Monday 29th of January 2018
You can do it pretty easily without a car -- the only place we couldn't get to was the ruins outside of town as the buses weren't running. I'm sure there are other villages / things to see nearby too so a car could be a good option if you really want to explore the area fully, but if you only have a day you'll easily fill it just in the central part of Cordoba.
Monday 1st of May 2017
Hi Jon- I just got back from a month in Spain and sadly, had to opt for other destinations other than Cordoba though it was on our list. We saw beautiful sights, ate beautiful food and lived the dream for a month. One thing i noticed, this being my third time in Spain, is how respectful, considerate and normal the Spanish men were/are towards women of ALL ages. Might i suggest, the next time you go to Spain, you take a LOT of notes from them.

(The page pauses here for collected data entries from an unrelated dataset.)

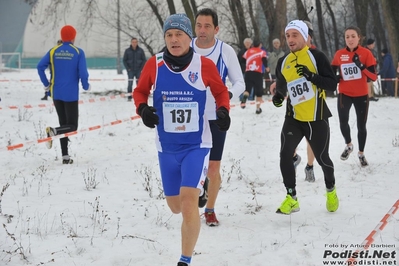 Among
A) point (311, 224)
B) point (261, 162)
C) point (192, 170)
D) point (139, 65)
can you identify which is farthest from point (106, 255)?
point (139, 65)

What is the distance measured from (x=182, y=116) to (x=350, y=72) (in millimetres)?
4585

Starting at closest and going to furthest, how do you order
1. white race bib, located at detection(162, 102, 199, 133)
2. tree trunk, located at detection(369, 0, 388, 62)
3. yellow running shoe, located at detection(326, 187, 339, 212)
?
white race bib, located at detection(162, 102, 199, 133) < yellow running shoe, located at detection(326, 187, 339, 212) < tree trunk, located at detection(369, 0, 388, 62)

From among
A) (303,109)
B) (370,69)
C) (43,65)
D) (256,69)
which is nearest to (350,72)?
(370,69)

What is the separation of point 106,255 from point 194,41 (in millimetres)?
2308

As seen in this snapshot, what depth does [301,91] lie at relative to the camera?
5953mm

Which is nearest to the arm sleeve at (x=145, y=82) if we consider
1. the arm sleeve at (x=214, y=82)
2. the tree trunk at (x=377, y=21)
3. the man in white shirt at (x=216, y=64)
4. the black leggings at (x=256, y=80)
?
the arm sleeve at (x=214, y=82)

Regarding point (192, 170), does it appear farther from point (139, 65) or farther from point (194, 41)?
point (139, 65)

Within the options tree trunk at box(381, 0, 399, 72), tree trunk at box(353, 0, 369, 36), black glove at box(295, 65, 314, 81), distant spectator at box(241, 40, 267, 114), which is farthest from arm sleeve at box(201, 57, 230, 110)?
tree trunk at box(353, 0, 369, 36)

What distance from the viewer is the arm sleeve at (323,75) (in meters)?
5.73

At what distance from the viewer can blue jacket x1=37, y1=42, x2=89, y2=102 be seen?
28.8 feet

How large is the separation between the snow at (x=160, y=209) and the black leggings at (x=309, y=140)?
0.44m

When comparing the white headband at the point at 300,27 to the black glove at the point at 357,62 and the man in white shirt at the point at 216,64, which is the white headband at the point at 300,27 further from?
the black glove at the point at 357,62

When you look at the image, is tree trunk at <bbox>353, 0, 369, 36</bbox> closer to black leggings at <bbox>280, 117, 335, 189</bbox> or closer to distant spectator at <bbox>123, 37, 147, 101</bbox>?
distant spectator at <bbox>123, 37, 147, 101</bbox>

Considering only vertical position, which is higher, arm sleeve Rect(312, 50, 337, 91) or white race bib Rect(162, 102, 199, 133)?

This: (but surely, like any good looking woman in Hollywood over the age of 40, it has had some work done). perhaps is your idea of humour? Or perhaps you still live under a rock. Or, perhaps you still need some lessons on respect and how not to be a sexist 15 year old. Perhaps a few more months with her might help? Or, as i suggested, go back to spain and actually take notice of how decent and advanced, respectful and normal the men there are. Making shitty derogatory comments about women and their looks in a post that has ZERO to do with them is fucking gross, outdated and makes you sound like a knuckle dragging mouth breather. charming.
Thursday 11th of May 2017
Thanks for the interesting comment. It was a throwaway line that obviously wasn't meant to offend anyone (I've changed it slightly now). We are all guilty of that at times, yourself included. Your stereotype of the "sexist 15 year old" is surely offensive to the vast majority of well adjusted young people out there. The term mouth breather (meant as an insult against a person's intelligence) is also offensive to people who, for whatever medical reason, have to breath out of their mouths. Imagine if you were one of those people and your condition suddenly became used to ridicule stupid people. Perhaps, when writing an outraged comment about someone's lack of respect to a particular group, it'd be a good idea not to insult two other groups in the process. It makes you look like a hypocrite.
Monday 27th of March 2017
Thanks Jon for the information on Córdoba. We just returned from Andalucia, and loved our two days in Córdoba. We were disappointed by the ruins not being open on the day we wanted to go, but we were able to see a Córdoba soccer game and the other things on the list. We caught the bonus of free admission to La Mezquita because we arrived at 8:30 am, before services, saving us some cash for more tapas and Cana!
Monday 27th of March 2017
I'm glad you enjoyed your trip and nice work getting free admission, saved quite a lot of money!